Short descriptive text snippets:
────────────────────────────────────────

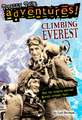 Climbing Everest (Totally True Adventures): Books 18-28 with Paper Dolls in Boxed Set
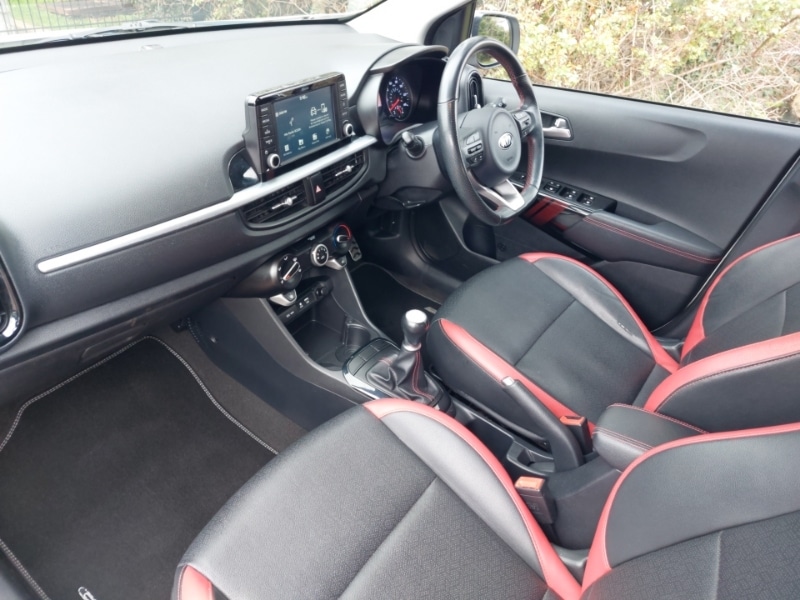 Used Kia Picanto 2018 for sale - 78040716: Photo 5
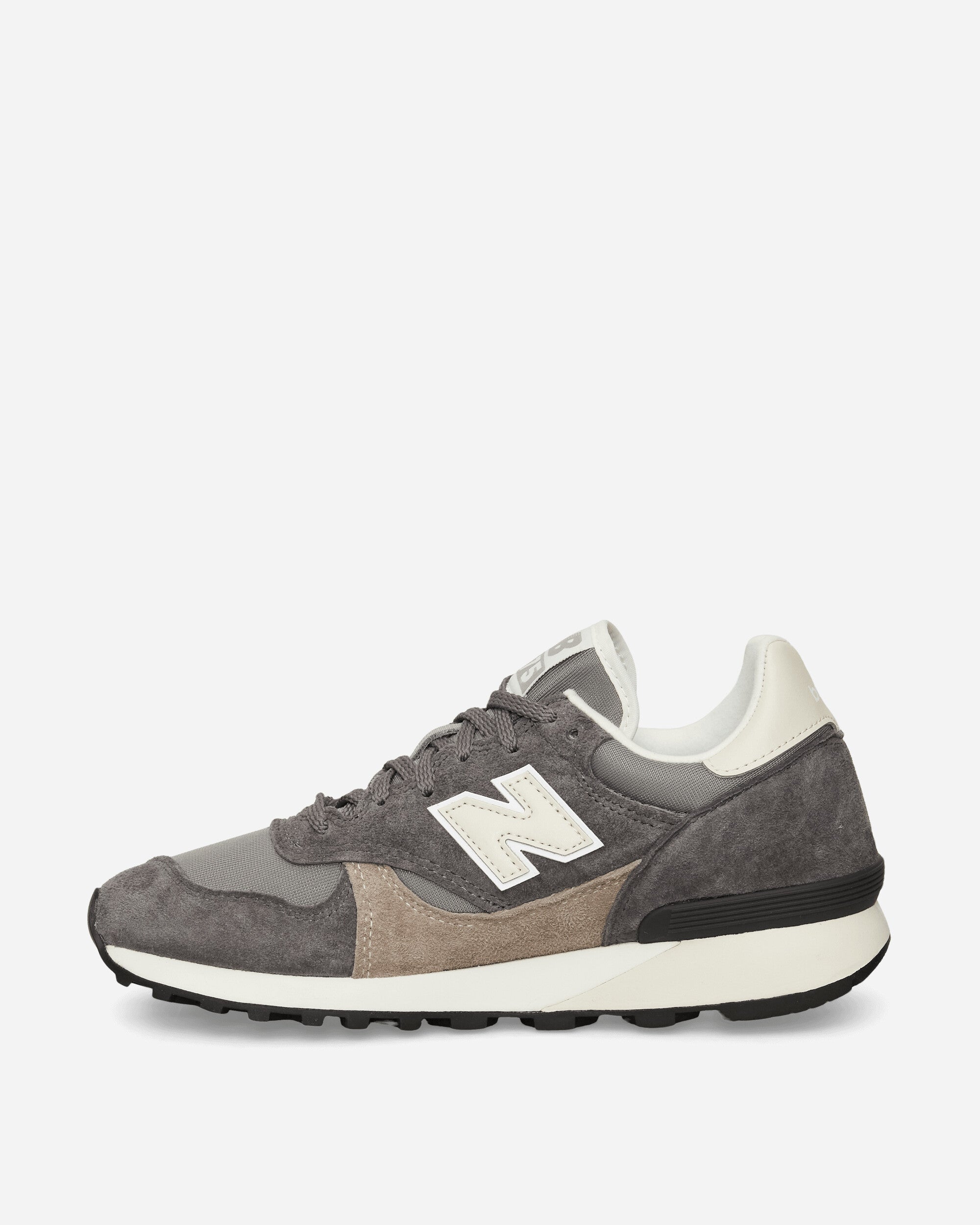 475 Sneakers Castlerock New balance оригінал – Купити в Україні – детальний вид - NEW BALANCE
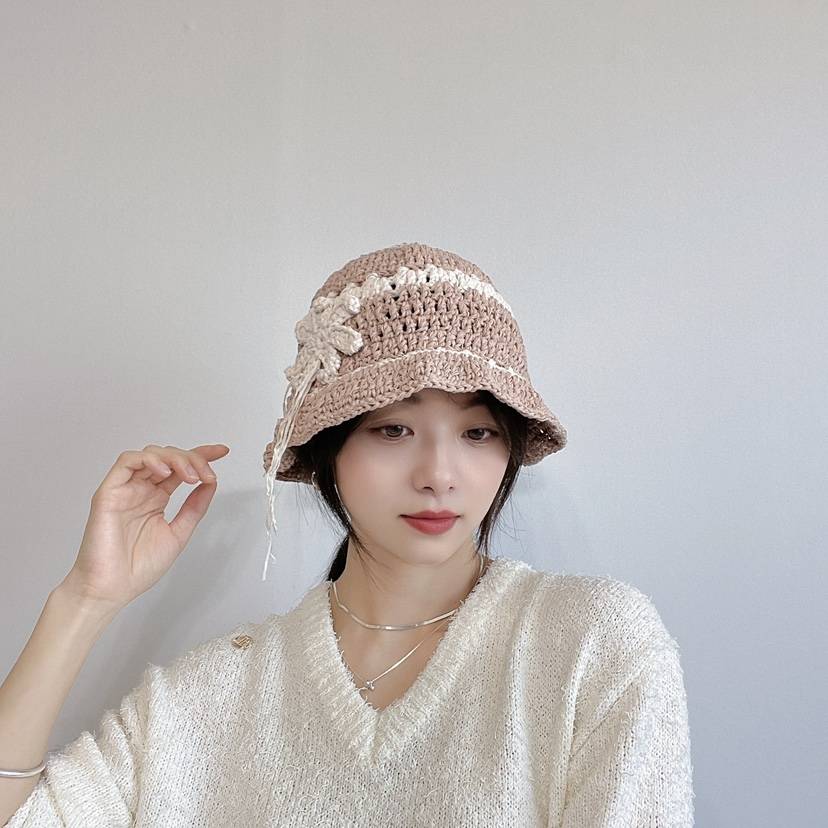 LOVELY HAT韓國代購女裝新款熱賣人氣推薦職業時尚25春夏帽子LOVELY HAT帽子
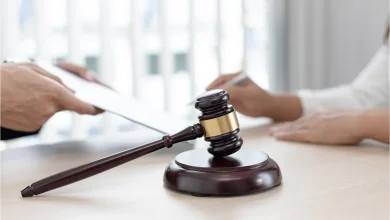 Adli Kontrol Kararına İtiraz Dilekçesi Örneği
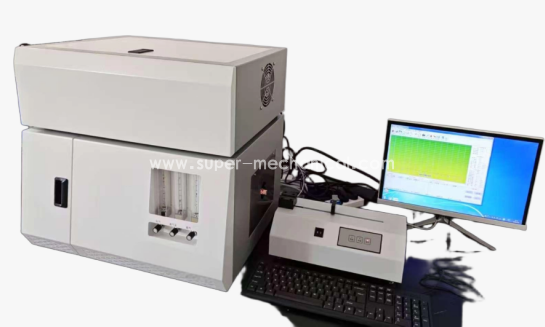 ASTM D5453 Ultraviol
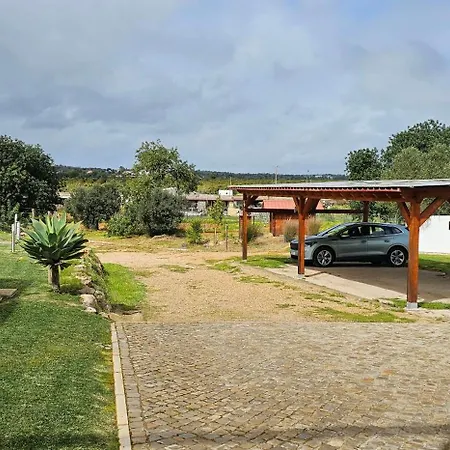 Quinta Da Bornacha - Casa C * Vila Nova de Cacela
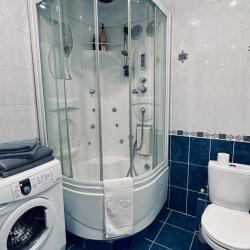 Фото Отель FlatRoom на улице Попова 35Б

────────────────────────────────────────

GOAL OF THE EXERCISE: Reproduce only the lines from the line that holds "Quinta Da Bornacha" through the end of the records, exactly as they stand, both ends included and pictures excluded.

RESPONSE TO THIS EXERCISE:
 Quinta Da Bornacha - Casa C * Vila Nova de Cacela
 Фото Отель FlatRoom на улице Попова 35Б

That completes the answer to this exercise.